Artist: Fan Shao ( China, 1964 - present ) -
 
Genres: Contemporary Asian Art
 
Biography: Shao Fan—painter, sculptor, and designer—is one of the first Chinese artists to explore the boundaries between visual art and design. Born into a renowned Beijing artist family in 1964, Shao Fan excelled in art, especially in painting. He received his first painting instruction during the Cultural Revolution, from parents who were university art professors assigned to paint Mao Zedong propaganda.

Shao Fan graduated from the Beijing Arts and Crafts College in 1984 and began exploring three-dimensional art. His attraction to design, combined with a profound interest in Chinese culture, compelled him to research woodcarvings and ceramics and led to his own signature style. Beginning to paint professionally in 1989, Shao’s passion remained rooted in three-dimensional art, which eventually led to the creation of objects that integrate both art and design.

In 1995, he created his first series of sculptural works based on Chinese Ming furniture. Provoked by what he perceived as the ‘dishonesty’ of the antique trade, Shao combined broken portions of antiquities with new industrial materials, such as MDF. Believing that all antiquities should be preserved in their original form, Shao’s “restored” pieces emphasized the new work’s industrial identity and loss of “old spirit.” Thus, Shao created a contrasting visual language, a new but distinctive aesthetic that embraced Orient and Occident, past and present, and typified China circa 1995.

As Shao’s first attempt to extend the realm of conceptual art into design, the series also marked his first solo exhibition of conceptual furniture, Chair about Chair, which premiered in 1996 at the Central Academy of Fine Arts in Beijing. For the last nine years, he has created pieces to enlarge this 1995 series and has also made occasional sculptures and design for public exhibition, such as “Chinese Imagination,” a project composed of twenty sculptures installed in le Jardin des Tuileries in Paris in 2004.

In 2004, Shao Fan was invited to participate in the exhibition Awakening: La France Mandarine by Contrasts Gallery. The artist submitted Work No 1 of Year 2004, a hybrid of art and design that symbolizes the exploration of traditions and modernity that China is currently undertaking in its quest to redefine its modern identity. Made in a manner similar to traditional Chinese furniture manufacturing, this work features traditional wooden and acrylic components. Work No 1 of Year 2004 represents Shao Fan’s conviction that, in the 21st century, there are no boundaries between art and design. This piece has been recently acquired by the Victoria and Albert Museum, London.
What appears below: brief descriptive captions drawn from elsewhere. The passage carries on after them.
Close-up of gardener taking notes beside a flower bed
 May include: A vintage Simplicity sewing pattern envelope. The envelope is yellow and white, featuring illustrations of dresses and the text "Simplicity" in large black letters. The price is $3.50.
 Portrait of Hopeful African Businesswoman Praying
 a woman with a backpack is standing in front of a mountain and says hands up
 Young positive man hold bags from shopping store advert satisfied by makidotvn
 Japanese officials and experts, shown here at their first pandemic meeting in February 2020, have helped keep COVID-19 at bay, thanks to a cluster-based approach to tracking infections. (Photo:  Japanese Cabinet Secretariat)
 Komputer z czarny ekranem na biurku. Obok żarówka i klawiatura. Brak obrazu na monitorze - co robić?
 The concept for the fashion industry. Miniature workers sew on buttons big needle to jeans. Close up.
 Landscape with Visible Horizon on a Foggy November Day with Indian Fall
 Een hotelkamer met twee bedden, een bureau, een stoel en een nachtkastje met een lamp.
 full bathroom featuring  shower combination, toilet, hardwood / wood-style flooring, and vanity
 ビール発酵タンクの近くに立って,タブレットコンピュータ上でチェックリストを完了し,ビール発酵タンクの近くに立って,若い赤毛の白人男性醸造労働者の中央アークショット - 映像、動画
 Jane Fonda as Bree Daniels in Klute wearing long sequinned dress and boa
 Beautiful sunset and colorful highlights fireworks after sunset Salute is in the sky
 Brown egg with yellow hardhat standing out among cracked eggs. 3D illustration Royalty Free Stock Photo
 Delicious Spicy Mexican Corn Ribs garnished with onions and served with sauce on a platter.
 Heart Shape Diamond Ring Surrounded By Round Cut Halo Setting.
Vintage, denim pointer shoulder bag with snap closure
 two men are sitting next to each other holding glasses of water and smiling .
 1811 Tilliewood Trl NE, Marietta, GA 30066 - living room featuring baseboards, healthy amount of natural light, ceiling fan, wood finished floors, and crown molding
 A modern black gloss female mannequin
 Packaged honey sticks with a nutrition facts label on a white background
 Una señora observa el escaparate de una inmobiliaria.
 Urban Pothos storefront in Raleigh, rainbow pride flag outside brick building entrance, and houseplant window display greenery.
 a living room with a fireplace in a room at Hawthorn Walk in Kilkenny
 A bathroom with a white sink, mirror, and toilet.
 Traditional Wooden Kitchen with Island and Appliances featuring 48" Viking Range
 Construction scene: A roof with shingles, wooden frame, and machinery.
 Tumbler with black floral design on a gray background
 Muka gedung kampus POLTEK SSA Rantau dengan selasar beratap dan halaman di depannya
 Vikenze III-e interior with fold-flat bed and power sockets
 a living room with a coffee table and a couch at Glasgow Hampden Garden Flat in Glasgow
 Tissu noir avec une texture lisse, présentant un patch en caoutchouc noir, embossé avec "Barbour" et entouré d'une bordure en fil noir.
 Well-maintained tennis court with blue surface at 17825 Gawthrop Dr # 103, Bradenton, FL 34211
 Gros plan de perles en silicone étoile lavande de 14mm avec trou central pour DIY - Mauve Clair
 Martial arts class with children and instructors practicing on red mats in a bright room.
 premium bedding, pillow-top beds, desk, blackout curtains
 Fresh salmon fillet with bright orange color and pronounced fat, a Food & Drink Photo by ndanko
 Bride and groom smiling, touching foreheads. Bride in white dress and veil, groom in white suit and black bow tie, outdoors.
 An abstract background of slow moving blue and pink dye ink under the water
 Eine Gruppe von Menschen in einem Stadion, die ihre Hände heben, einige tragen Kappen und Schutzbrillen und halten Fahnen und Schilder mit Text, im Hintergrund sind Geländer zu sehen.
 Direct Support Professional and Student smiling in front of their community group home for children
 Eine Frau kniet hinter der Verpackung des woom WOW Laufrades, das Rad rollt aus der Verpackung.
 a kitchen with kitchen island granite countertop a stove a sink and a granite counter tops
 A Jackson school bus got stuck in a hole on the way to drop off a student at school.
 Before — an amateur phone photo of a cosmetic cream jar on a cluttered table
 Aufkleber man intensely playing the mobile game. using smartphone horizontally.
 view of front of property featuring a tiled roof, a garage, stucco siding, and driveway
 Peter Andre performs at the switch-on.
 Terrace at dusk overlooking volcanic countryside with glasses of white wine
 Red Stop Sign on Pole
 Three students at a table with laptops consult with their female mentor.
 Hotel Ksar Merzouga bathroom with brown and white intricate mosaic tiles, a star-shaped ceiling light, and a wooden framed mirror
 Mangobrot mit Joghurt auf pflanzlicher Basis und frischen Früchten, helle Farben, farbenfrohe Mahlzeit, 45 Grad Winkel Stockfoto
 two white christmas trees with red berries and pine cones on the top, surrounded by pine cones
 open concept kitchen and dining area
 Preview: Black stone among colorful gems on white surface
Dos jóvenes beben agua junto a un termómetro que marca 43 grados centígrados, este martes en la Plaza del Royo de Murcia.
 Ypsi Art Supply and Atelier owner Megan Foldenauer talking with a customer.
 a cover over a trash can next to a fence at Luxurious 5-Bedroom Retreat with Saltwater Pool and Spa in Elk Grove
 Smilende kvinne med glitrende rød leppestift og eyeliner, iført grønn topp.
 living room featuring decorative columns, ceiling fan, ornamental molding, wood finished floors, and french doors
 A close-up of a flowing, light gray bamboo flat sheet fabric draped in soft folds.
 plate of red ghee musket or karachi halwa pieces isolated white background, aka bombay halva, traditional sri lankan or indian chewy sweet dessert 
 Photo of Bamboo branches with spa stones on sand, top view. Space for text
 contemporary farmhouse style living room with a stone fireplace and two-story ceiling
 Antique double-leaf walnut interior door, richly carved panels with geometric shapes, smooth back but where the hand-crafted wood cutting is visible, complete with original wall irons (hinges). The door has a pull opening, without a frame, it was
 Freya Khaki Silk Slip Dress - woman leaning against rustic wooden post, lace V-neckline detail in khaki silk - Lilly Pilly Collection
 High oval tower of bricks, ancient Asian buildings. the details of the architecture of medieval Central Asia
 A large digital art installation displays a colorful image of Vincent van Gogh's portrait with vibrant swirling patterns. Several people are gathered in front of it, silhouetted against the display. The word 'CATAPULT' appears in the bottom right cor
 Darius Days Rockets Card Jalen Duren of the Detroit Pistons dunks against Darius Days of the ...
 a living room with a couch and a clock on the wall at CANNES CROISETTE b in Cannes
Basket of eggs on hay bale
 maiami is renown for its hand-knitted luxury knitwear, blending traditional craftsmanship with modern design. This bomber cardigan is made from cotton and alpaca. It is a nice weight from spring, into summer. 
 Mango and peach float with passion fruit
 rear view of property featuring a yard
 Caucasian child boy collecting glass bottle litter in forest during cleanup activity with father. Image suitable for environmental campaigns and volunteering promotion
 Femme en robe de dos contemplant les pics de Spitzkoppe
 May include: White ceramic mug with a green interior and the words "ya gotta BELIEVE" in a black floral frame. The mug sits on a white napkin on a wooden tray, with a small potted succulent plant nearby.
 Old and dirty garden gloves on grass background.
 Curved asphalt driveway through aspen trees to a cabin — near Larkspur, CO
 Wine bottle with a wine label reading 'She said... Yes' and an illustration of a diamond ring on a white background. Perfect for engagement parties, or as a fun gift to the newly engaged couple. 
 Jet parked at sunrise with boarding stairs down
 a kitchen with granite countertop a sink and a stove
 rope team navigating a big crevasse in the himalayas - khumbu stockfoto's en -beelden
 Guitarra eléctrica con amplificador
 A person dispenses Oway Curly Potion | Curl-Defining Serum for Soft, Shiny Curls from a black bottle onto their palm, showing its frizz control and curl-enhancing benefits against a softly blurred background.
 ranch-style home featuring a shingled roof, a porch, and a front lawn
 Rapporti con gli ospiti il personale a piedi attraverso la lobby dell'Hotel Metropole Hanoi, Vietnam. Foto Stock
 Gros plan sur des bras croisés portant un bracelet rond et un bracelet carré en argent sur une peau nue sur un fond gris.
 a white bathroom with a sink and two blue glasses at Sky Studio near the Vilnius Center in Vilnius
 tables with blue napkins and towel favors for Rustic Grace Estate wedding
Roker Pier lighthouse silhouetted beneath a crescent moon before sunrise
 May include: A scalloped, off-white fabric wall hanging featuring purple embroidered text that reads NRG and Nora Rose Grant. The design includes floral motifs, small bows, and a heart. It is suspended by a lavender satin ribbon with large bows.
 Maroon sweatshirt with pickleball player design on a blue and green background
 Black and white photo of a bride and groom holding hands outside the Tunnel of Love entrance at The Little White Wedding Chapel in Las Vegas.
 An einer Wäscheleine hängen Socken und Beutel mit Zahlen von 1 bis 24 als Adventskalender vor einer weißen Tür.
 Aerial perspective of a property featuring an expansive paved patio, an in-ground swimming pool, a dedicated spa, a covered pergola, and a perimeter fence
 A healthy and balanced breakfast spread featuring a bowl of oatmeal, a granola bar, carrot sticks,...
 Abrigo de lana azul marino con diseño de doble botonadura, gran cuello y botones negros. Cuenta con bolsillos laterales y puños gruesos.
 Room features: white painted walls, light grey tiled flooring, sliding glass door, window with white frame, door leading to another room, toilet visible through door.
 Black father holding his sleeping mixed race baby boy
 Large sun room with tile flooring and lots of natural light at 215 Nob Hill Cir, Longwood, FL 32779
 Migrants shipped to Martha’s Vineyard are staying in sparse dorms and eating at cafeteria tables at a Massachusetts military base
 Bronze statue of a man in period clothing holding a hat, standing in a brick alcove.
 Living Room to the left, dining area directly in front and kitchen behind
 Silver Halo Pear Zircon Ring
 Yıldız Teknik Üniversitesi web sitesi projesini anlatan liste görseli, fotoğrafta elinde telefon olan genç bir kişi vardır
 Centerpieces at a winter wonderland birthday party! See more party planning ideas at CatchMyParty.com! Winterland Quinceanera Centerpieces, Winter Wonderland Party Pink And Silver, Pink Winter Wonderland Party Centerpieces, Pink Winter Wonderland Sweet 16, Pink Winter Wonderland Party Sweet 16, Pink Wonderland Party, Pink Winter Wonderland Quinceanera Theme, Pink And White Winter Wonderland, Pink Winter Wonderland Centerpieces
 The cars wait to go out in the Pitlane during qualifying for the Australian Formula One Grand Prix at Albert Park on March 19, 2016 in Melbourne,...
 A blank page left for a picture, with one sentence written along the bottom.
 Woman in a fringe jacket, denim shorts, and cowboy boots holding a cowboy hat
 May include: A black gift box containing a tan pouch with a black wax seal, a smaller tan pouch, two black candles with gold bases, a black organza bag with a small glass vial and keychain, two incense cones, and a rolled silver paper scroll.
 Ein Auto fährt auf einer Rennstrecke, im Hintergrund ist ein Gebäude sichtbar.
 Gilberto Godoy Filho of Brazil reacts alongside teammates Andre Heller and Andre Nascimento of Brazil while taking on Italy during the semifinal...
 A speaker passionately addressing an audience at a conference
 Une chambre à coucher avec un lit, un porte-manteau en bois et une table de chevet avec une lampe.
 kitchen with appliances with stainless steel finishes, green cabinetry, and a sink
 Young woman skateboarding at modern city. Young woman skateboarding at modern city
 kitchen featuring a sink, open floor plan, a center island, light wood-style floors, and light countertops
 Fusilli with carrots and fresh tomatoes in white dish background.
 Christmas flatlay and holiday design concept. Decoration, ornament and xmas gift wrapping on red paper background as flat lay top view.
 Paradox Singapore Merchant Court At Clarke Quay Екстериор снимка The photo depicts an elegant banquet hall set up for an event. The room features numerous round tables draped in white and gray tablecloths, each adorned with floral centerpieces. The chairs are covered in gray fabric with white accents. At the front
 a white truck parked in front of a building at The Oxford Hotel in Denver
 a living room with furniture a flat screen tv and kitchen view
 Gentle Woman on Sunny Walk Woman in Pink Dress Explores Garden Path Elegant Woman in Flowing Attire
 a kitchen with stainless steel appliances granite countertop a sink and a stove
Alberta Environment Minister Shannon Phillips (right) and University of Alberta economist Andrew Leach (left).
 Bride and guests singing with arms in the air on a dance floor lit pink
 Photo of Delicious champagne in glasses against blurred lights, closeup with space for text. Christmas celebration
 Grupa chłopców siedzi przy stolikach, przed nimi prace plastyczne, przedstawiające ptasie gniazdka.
Shao Fan marries the theories of modernism and deconstructionism with Chinese culture, allowing him to work freely in both art and design. Never bowing to the mainstream, Shao was nevertheless invited by the Chinese government to participate in Chinese Imagination—the closing exhibition of the China Year in France, 2004, in Paris—which featured exhibits by twenty mainstream Chinese sculptors.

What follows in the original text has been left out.